[Captioned web image data]
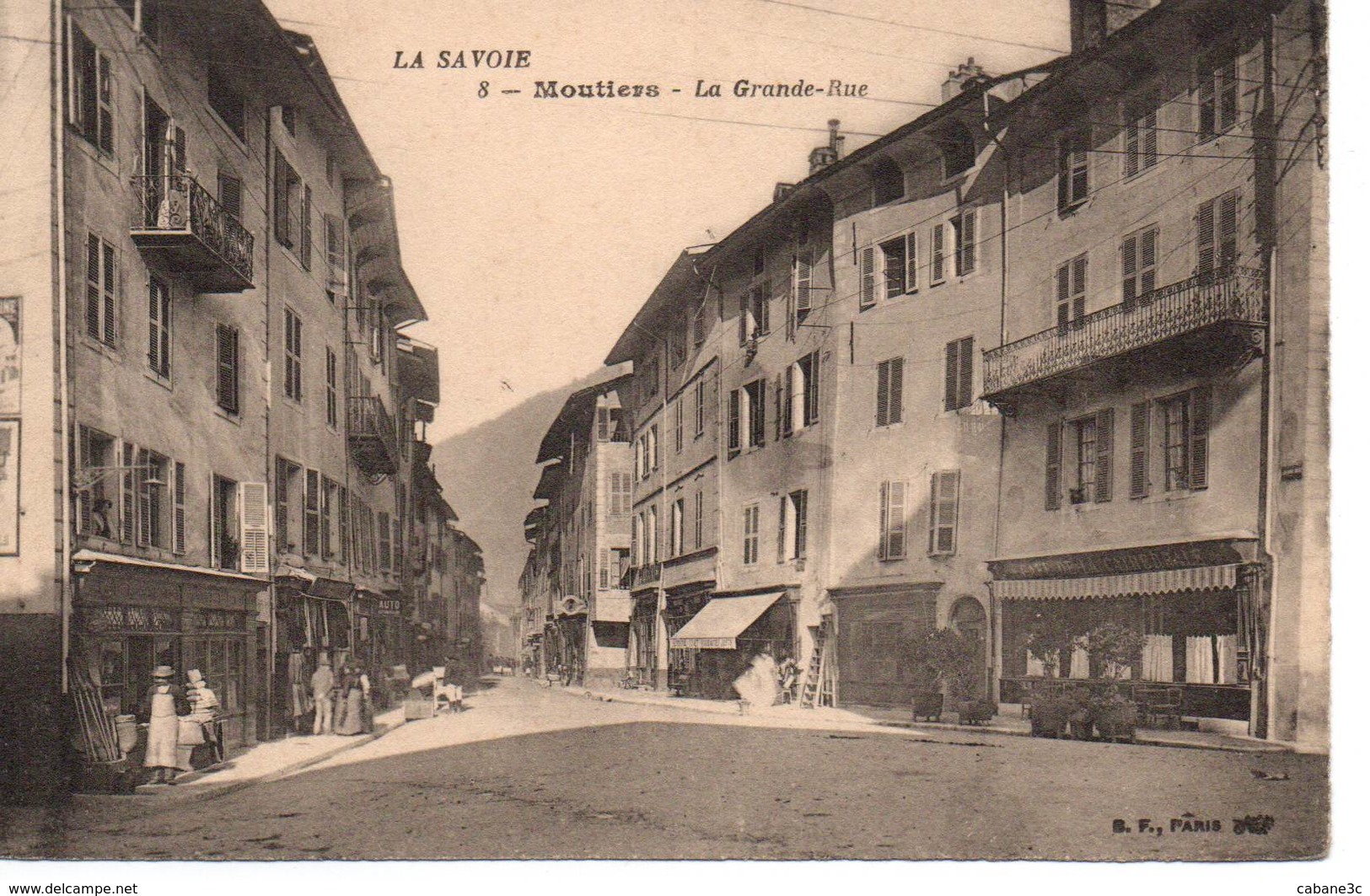 LA SAVOIE - Moutiers - La Grande Rue - Moutiers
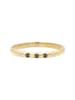 Elli DIAMONDS  Ring 375 Gelbgold Black Diamond, Verlobungsring in Gold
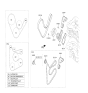 Diagram for Hyundai Water Pump Pulley - 25221-2B701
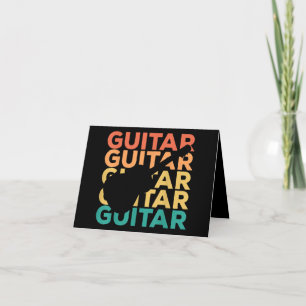 Tarjeta De Agradecimiento Regalo de guitarra Guitaristas de guitarra acúst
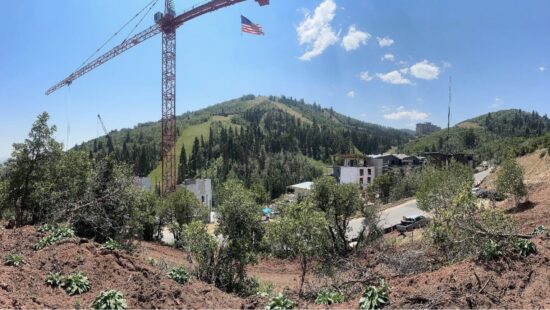 View from the Phase III project Site looking south across Deer Hollow Road toward Founders Place Phases I and II.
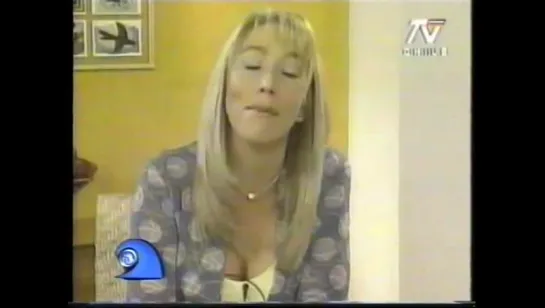 Natalia Oreiro. Entrevista en Noticiero Azul 2000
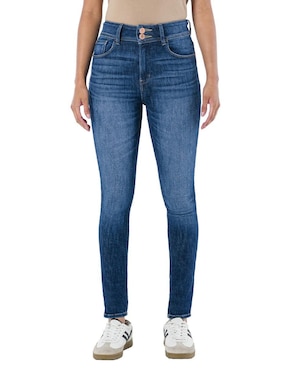 Jeans Ultra Skinny Oggi Jeans Katia Corte Cintura Alta Para Mujer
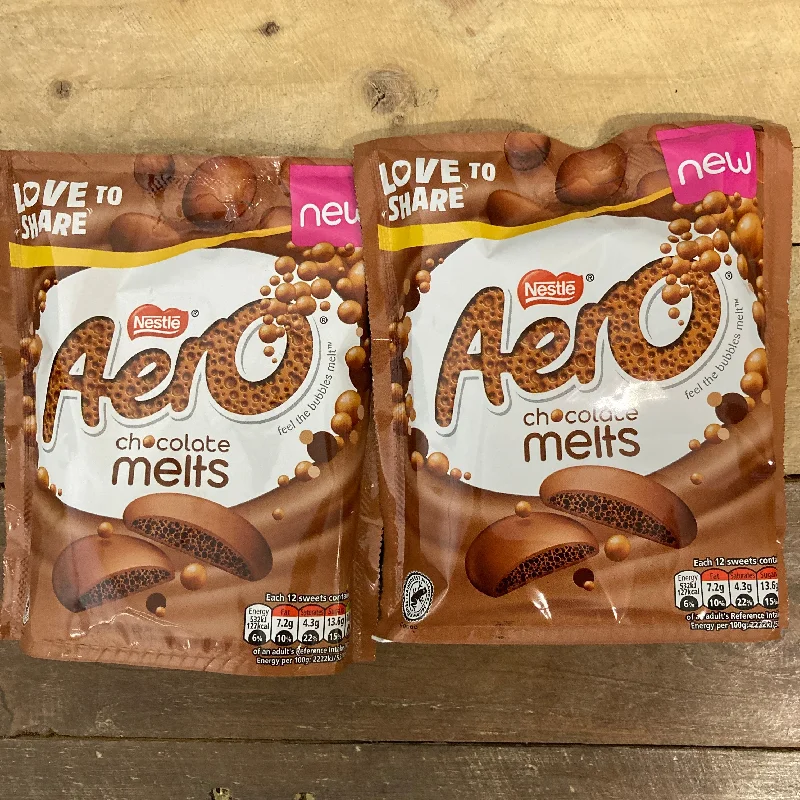 3x Aero Melts Milk Chocolate Sharing Bags (3x92g)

■ **How to complete this task**
Verbatim transcription needed, from the opening line of the entries above through the line containing "Tarjeta De Agradecimiento"; pictures do not belong in it.

■ **Result of this task**
 LA SAVOIE - Moutiers - La Grande Rue - Moutiers
 Elli DIAMONDS  Ring 375 Gelbgold Black Diamond, Verlobungsring in Gold
 Diagram for Hyundai Water Pump Pulley - 25221-2B701
 Tarjeta De Agradecimiento Regalo de guitarra Guitaristas de guitarra acúst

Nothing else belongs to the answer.